I live very close to both Leonardo’s Pizza Palace and the Domino’s on Grattan Street in Carlton. For journalism’s sake, I had to make sure that both pies were comparable in size and topping. I ordered the pepperoni from Leonardo’s: a glorious eight-slice flavour frisbee, topped with sauce, cheese and oily, happy buttons of pepperoni. From Domino’s I went with The Big Pepperoni. I picked them up within minutes of one another and dashed them home.
Seeing a gourmet pizza next to a chain-produced one is a little bit like seeing a friend from your hometown talking to one of your newer friends. Two worlds are unexpectedly colliding. The result of the taste test was just as confusing. For years I sustained a fantasy that budget pies hold up to more artisanal options, but that quickly shattered when I tasted them side-by-side.
But these two pizza purveyors scratch different itches – whether good ‘za is better than average ‘za isn’t really up for debate. After sampling both hot on Friday night, I returned to eat them cold the next.

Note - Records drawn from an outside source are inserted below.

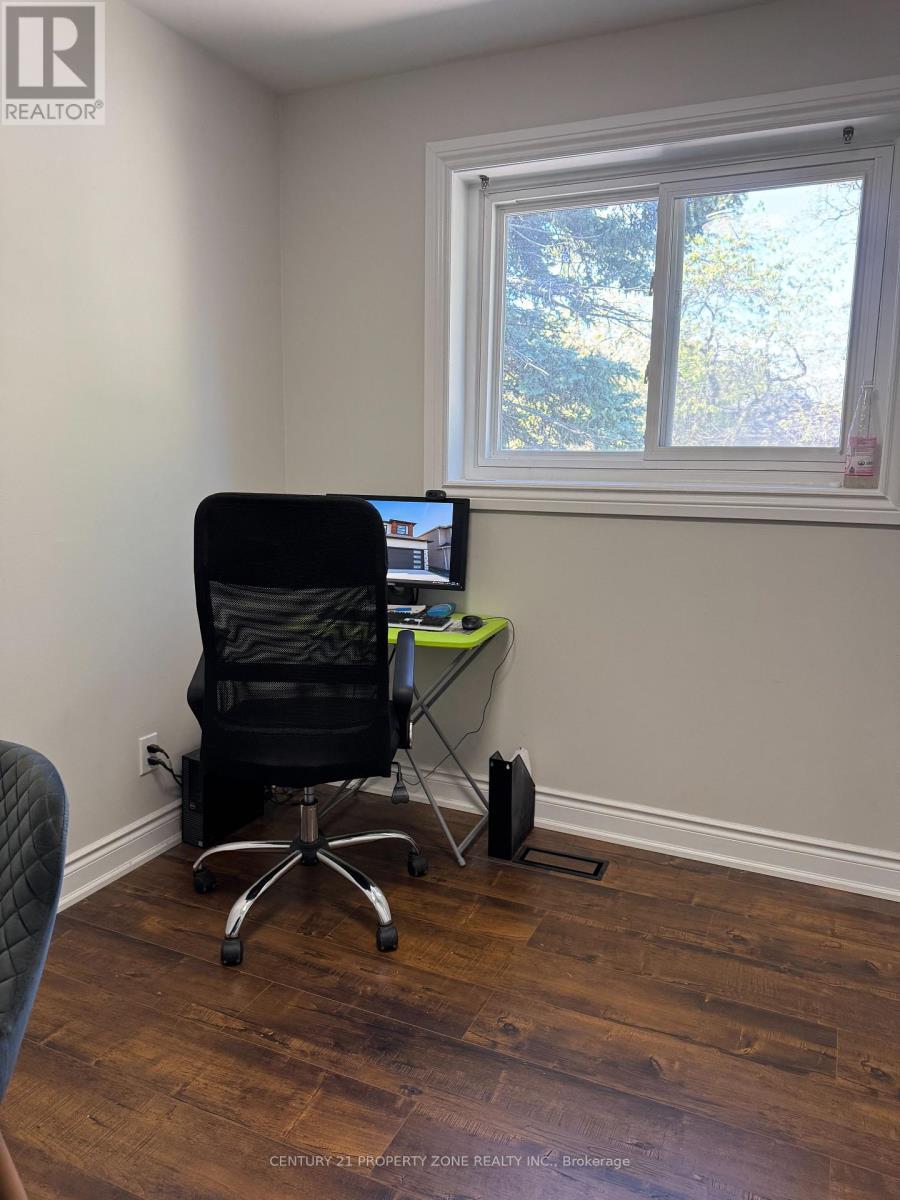 33 Flowertown Avenue, Brampton, ON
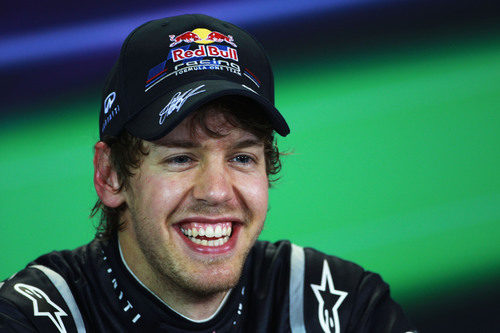 Vettel muy feliz en la rueda de prensa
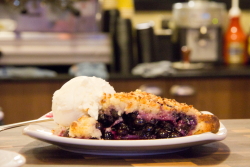 Best Pie Shop: A La Mode Pies.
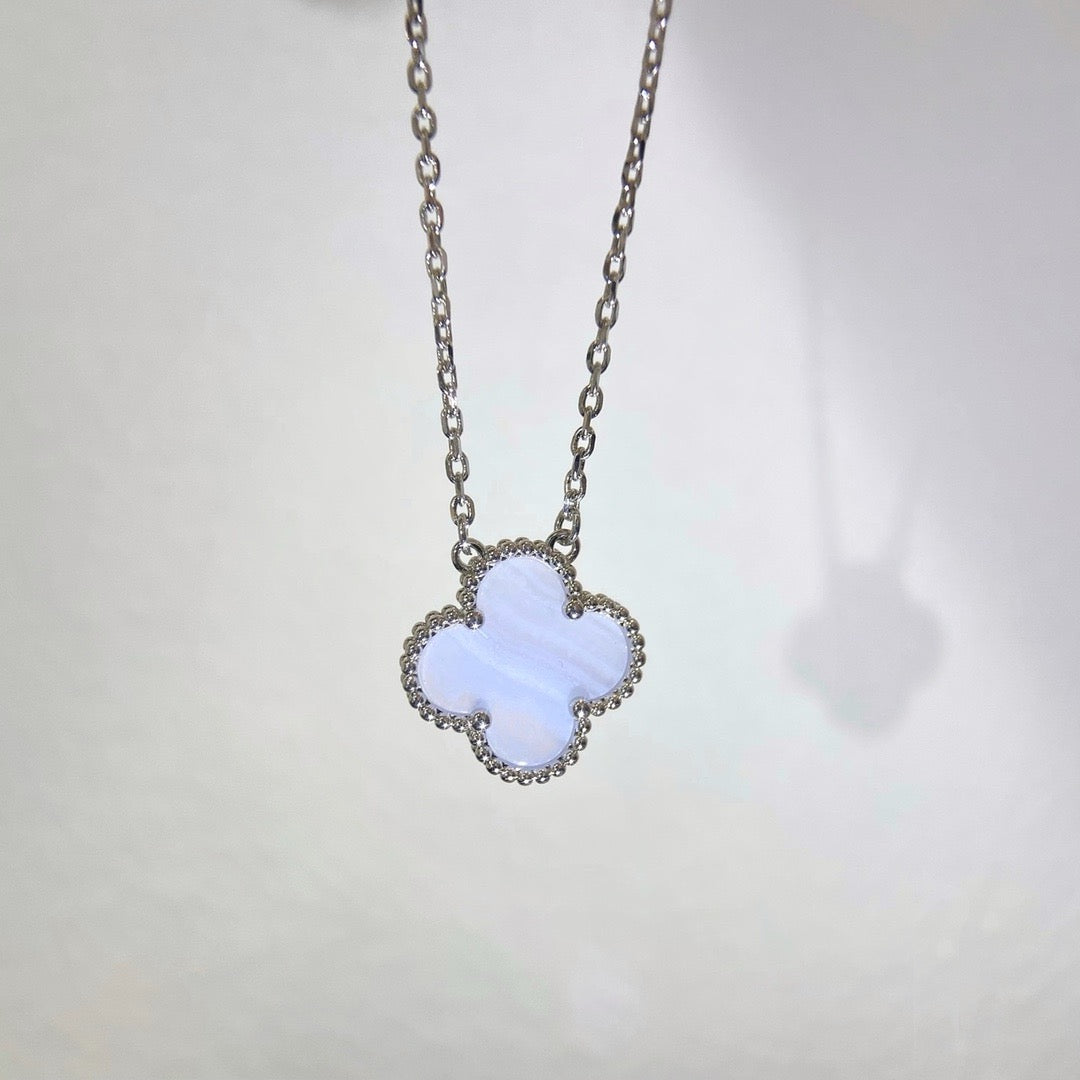 [ROYAL]CLOVER 15MM BLUE CHALCEDONY NECKLACE SILVER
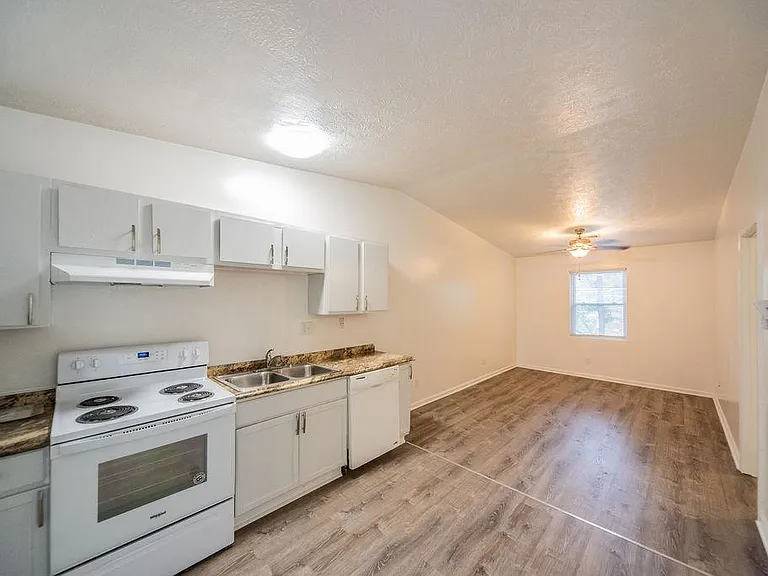 140 Limerick Dr — Photo 3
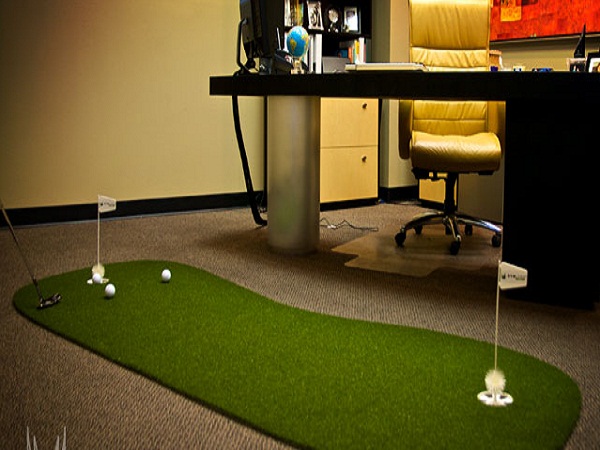 sân golf cỏ nhân tạo mini trong nhà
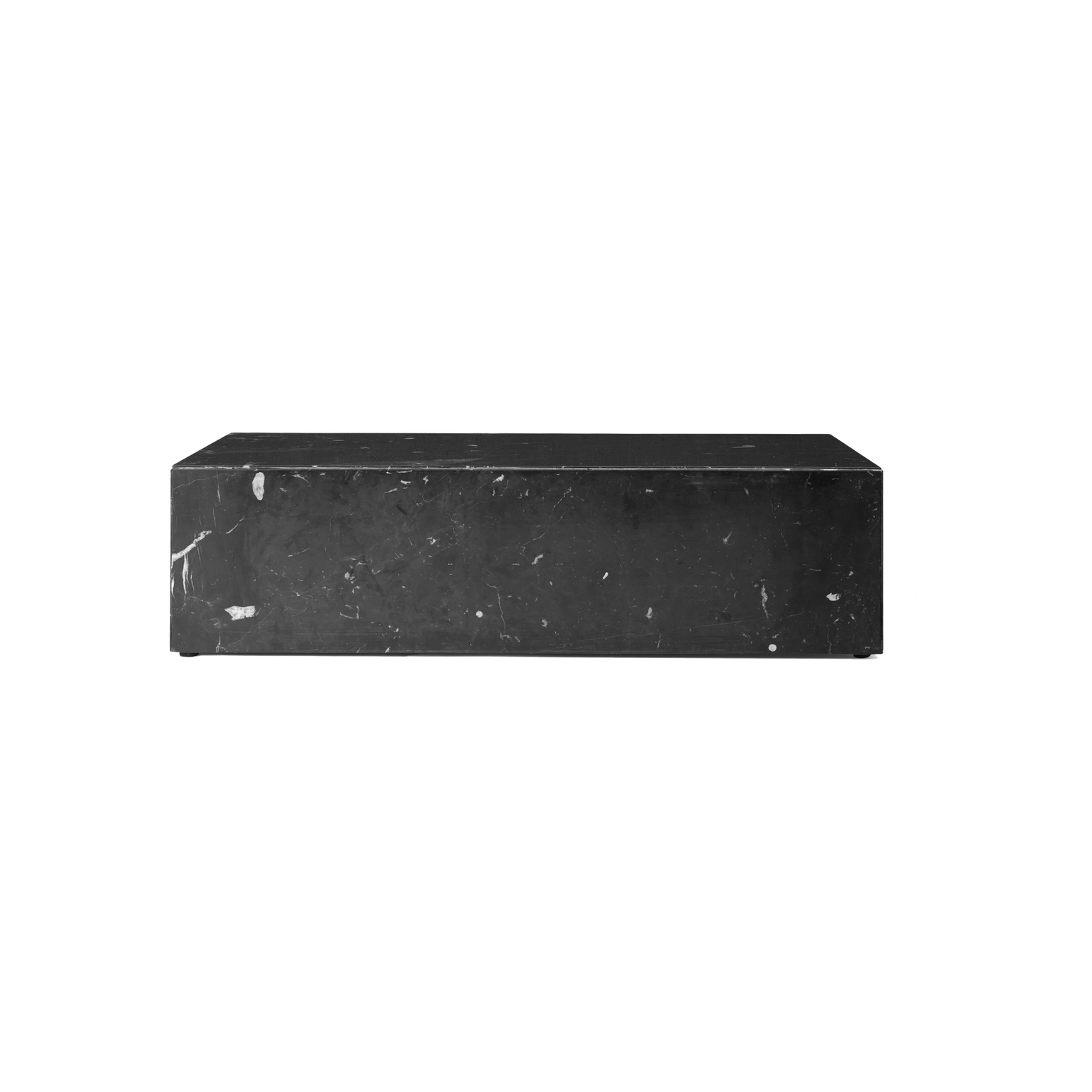 Sidebordet Plinth Low, fra Menu i hvit marmor er designet av Norm Architects.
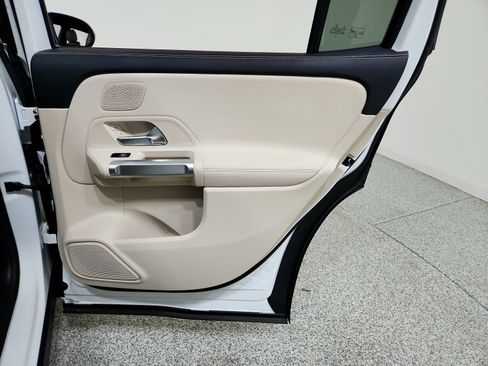 Certified 2025 Mercedes-Benz GLB 250 4MATIC w/ Exclusive Package image 26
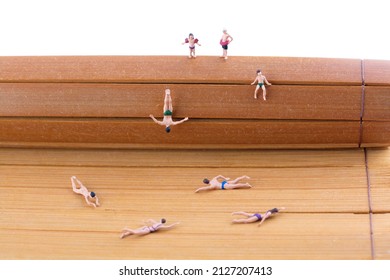 The swimming doll model on the miniature creative script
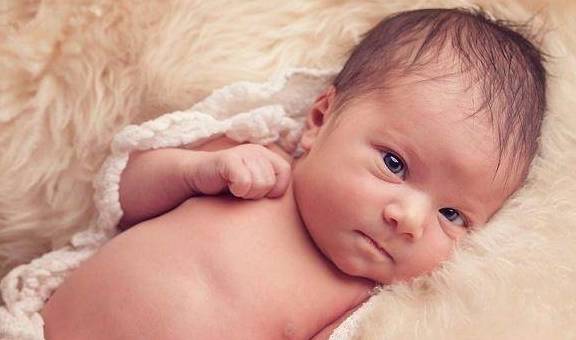 眼睛|新生宝宝护理，这2件事可能会影响新生儿的视力发育，宝妈别忽视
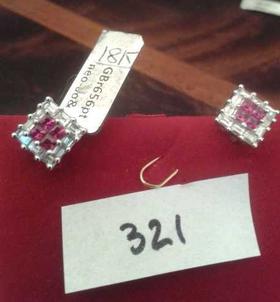 PENDIENTES ORO BLANCO CORTOS CUADRADOS DE RUBÍES DE 0,67CTS. Y BRILLANTES DE  0,71CTS. Y 2,7 GRS. PESO APROX. NºFOTO 321                                                                                                                                                                                                                                                                          en Valladolid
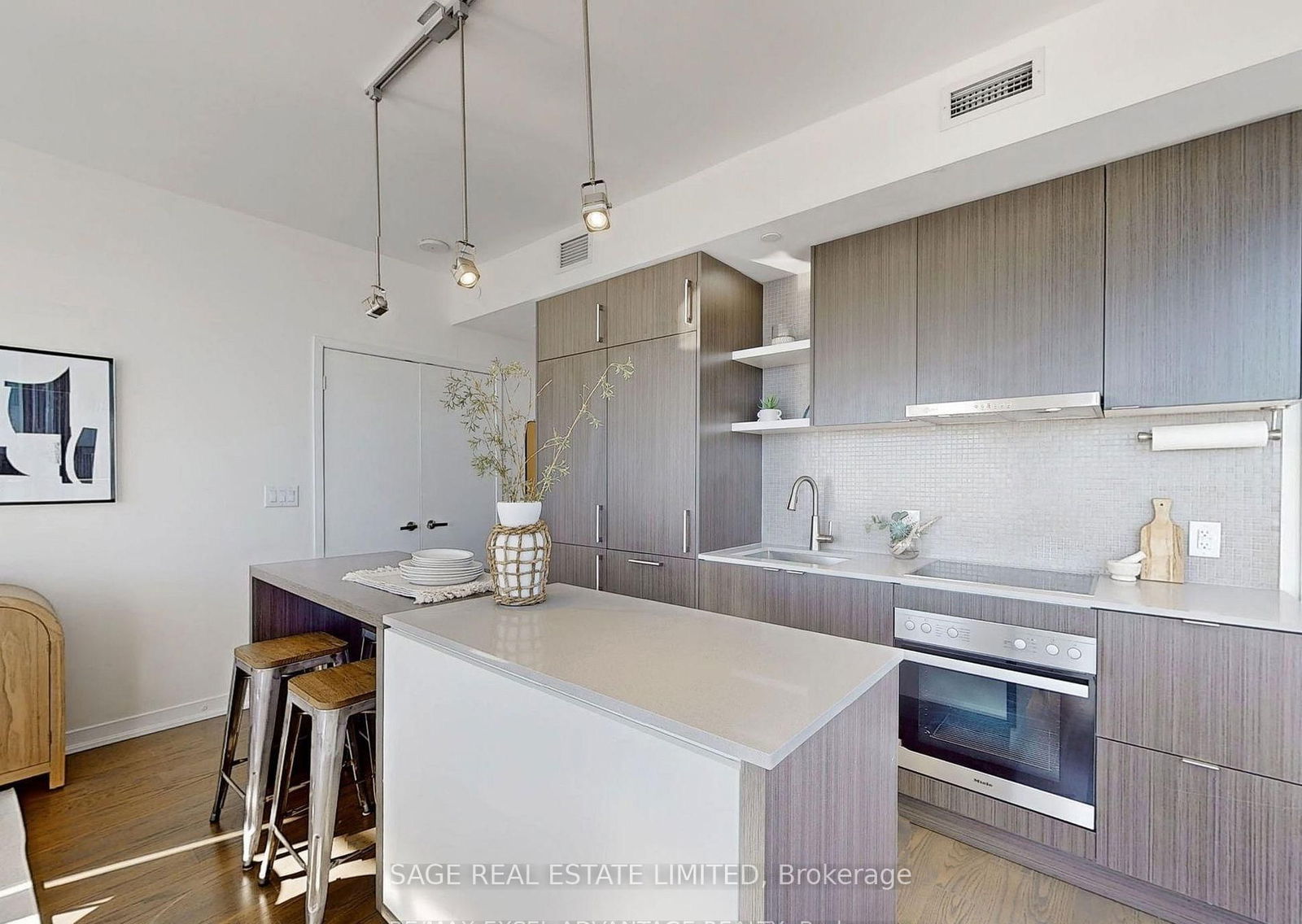 100 Harbour St, unit 6707 for rent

As I suspected, Domino’s held up better to refrigeration than Leonardo’s. The thicker base stayed soft, whereas Leonardo’s thinner, blistered crust – a flavour advantage in the hot pizza stakes – became brittle and lost taste. Both pizzas’ tomato sauces shone through more brightly thanks to their cool-down time, but that came at the expense of the cheese, which languished in the cold fridge.
One point to cold pizza for making average pizza taste better ❄️
One point to hot pizza for making great pizza taste even greater 🔥
Now, I tried both pizzas at dinner – not at breakfast – because I suspected a large part of my cold-pizza-fandom was based on that magical morning moment, and not on cold pizza’s merits alone. I was right. Eating cold pizza at night is heartbreaking. With each chilled bite, my faith in cold’s superiority waned. Finally, I relented, and microwaved a slice of each pizza. That was the nail in the coffin. Both varieties of reheated pizza were better than their frosty cousins.
Minus one point to cold pizza: even microwaved slices are better 🔥
Cold pizza’s enjoyment also derives from its scarcity. Two, even three slices? Incredible. Beyond that though, it becomes a story of diminishing returns.
One point to hot pizza for being just as enjoyable when consumed in excess as in scarcity 🔥
The Verdict:
Hot 🔥🔥🔥🔥
Cold ❄️❄️❄️
In summary, cold pizza is more seductive and nostalgic, but you can’t beat the taste of steaming hot ‘za – regardless of whether it’s straight out of the oven or reheated. Hot pizza wins. Just.